- [WORK REQUEST]:
Without including any pictures, please copy every entry below exactly.

- [DATA SUPPLIED]:
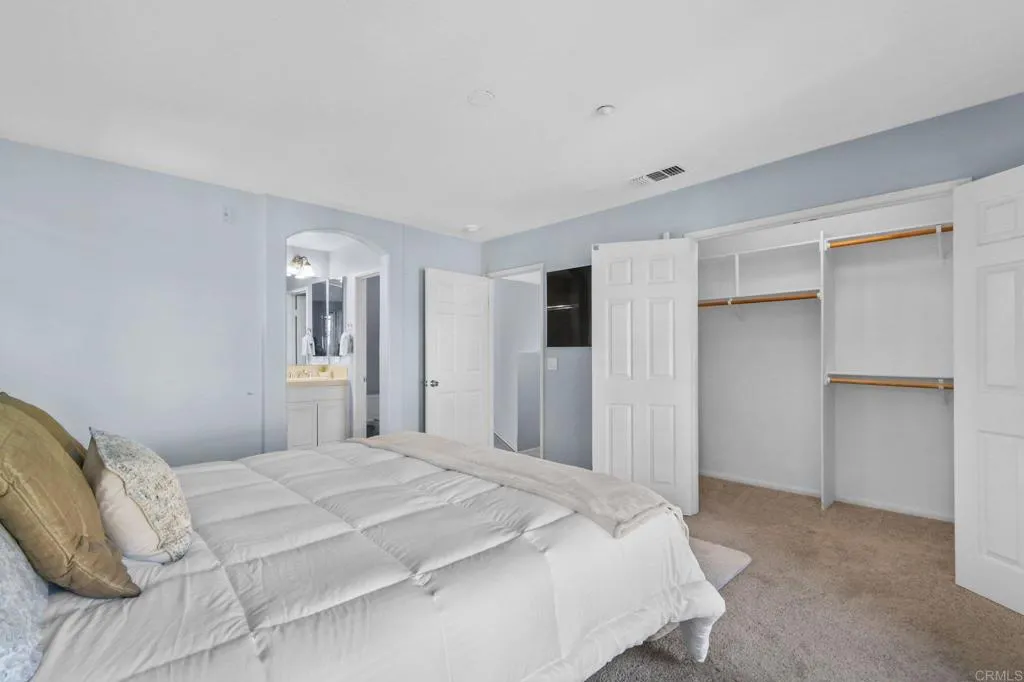 https://cdn.realtyfeed.com/cdn/127/306686391/0241b05dbf51596126e7599152ddd301.webp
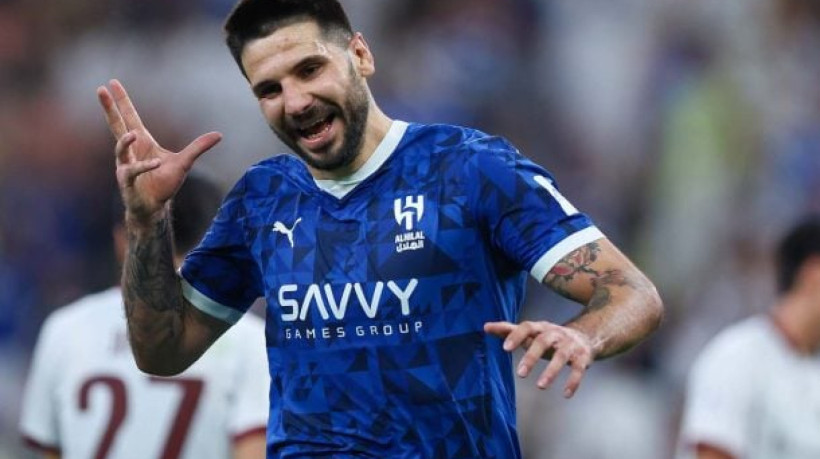 Com a chegada de Darwin Núñez, ex-Liverpool, nesta semana, centroavante Mitrovic perde espaço no elenco para a próxima temporada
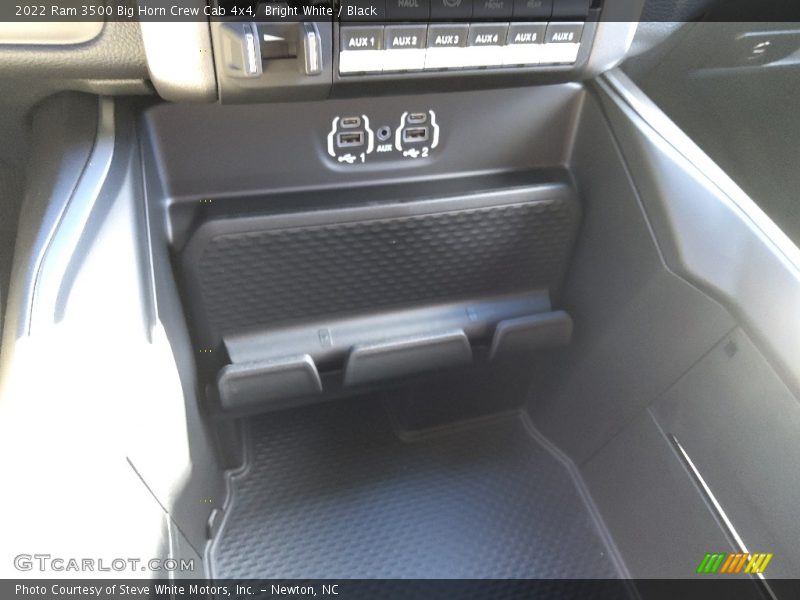 Bright White / Black 2022 Ram 3500 Big Horn Crew Cab 4x4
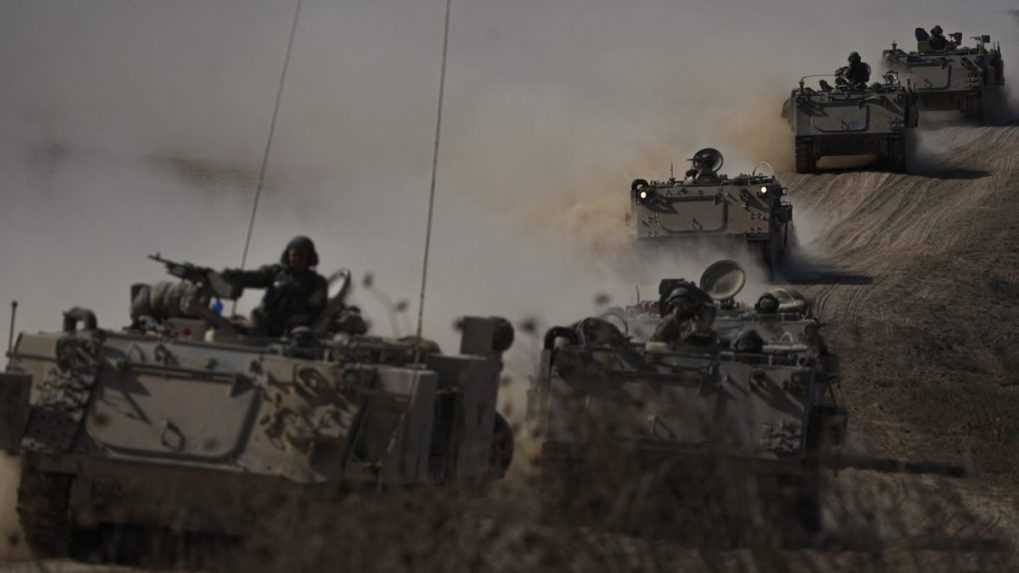 Izraelské tanky obsadili kľúčovú cestu v Gaze. Strieľajú na každé vozidlo, ktoré sa po nej pokúsi prejsť, tvrdia svedkovia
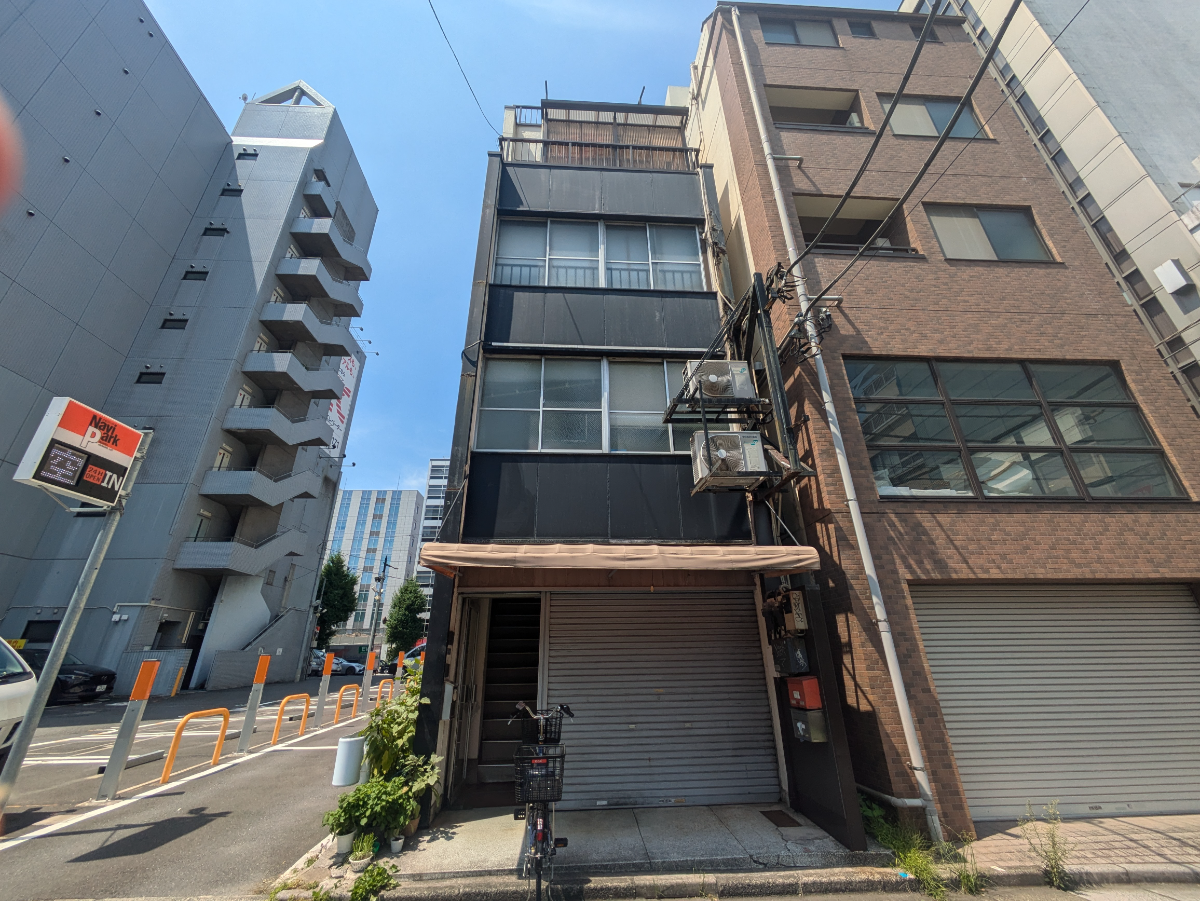 v20251008150721/fresh/building/J00100371169_1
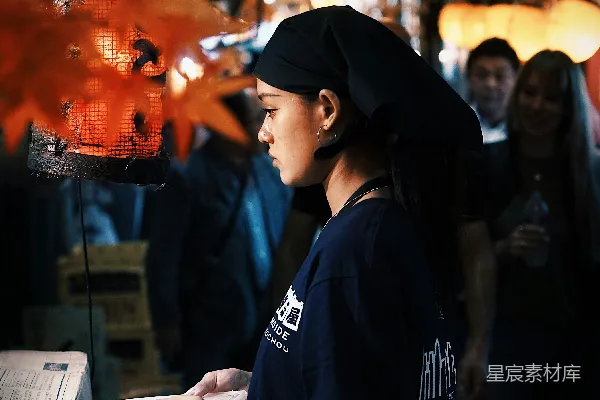 高清摄影 夜市中的服务员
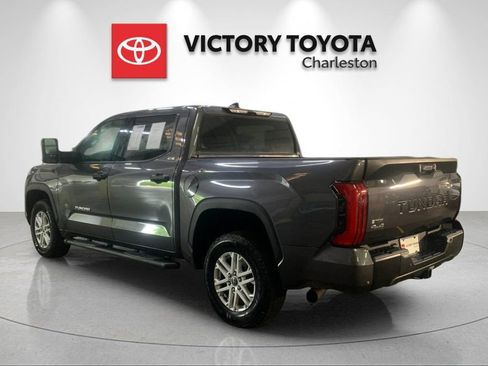 Used 2022 Toyota Tundra SR5 w/ SR5 Convenience Package AWD/4WD image 3
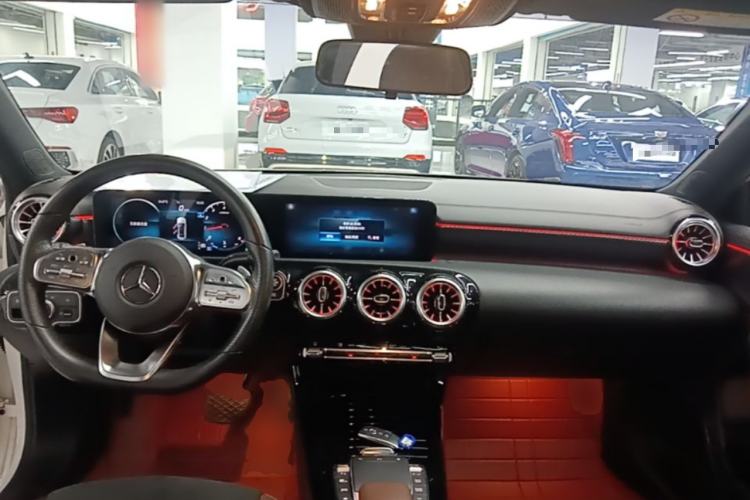 Used Mercedes-Benz A-Class 2021 A 200 L Sport Sedan Fashion Model Center Console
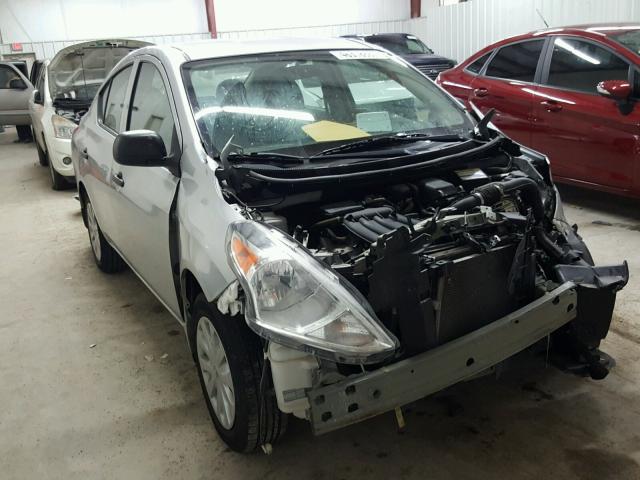 3N1CN7AP3FL841120 - 2015 NISSAN VERSA S SILVER photo 1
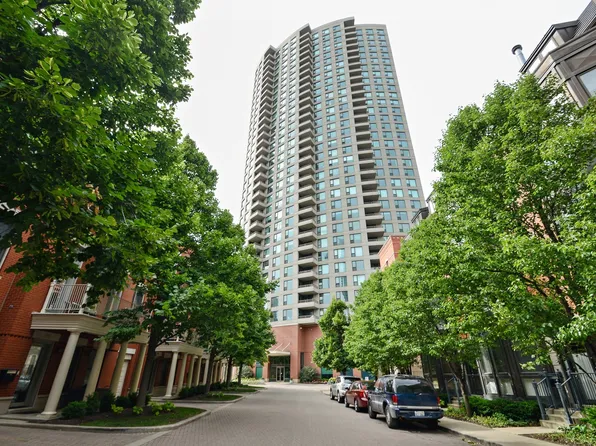 501 N Clinton St APT 1303, Chicago, IL 60654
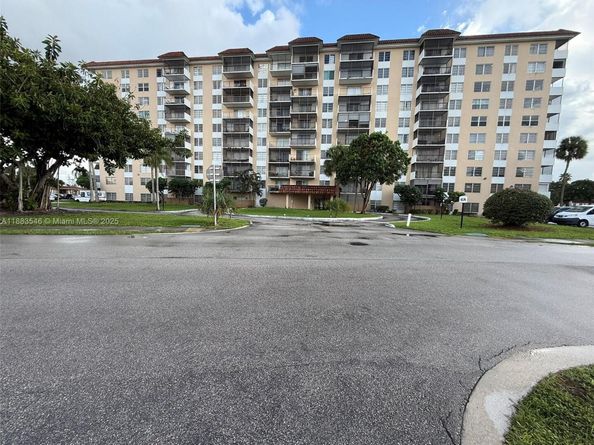 4174 Inverrary Dr 604, Lauderhill FL 33319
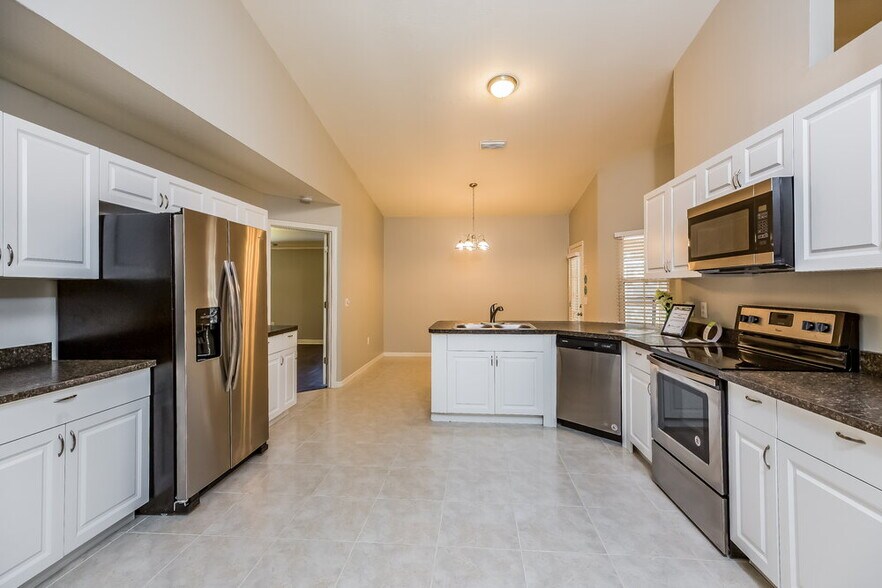 Building Photo - 4791 Placid Cir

- [RESULT BELOW]:
 https://cdn.realtyfeed.com/cdn/127/306686391/0241b05dbf51596126e7599152ddd301.webp
 Com a chegada de Darwin Núñez, ex-Liverpool, nesta semana, centroavante Mitrovic perde espaço no elenco para a próxima temporada
 Bright White / Black 2022 Ram 3500 Big Horn Crew Cab 4x4
 Izraelské tanky obsadili kľúčovú cestu v Gaze. Strieľajú na každé vozidlo, ktoré sa po nej pokúsi prejsť, tvrdia svedkovia
 v20251008150721/fresh/building/J00100371169_1
 高清摄影 夜市中的服务员
 Used 2022 Toyota Tundra SR5 w/ SR5 Convenience Package AWD/4WD image 3
 Used Mercedes-Benz A-Class 2021 A 200 L Sport Sedan Fashion Model Center Console
 3N1CN7AP3FL841120 - 2015 NISSAN VERSA S SILVER photo 1
 501 N Clinton St APT 1303, Chicago, IL 60654
 4174 Inverrary Dr 604, Lauderhill FL 33319
 Building Photo - 4791 Placid Cir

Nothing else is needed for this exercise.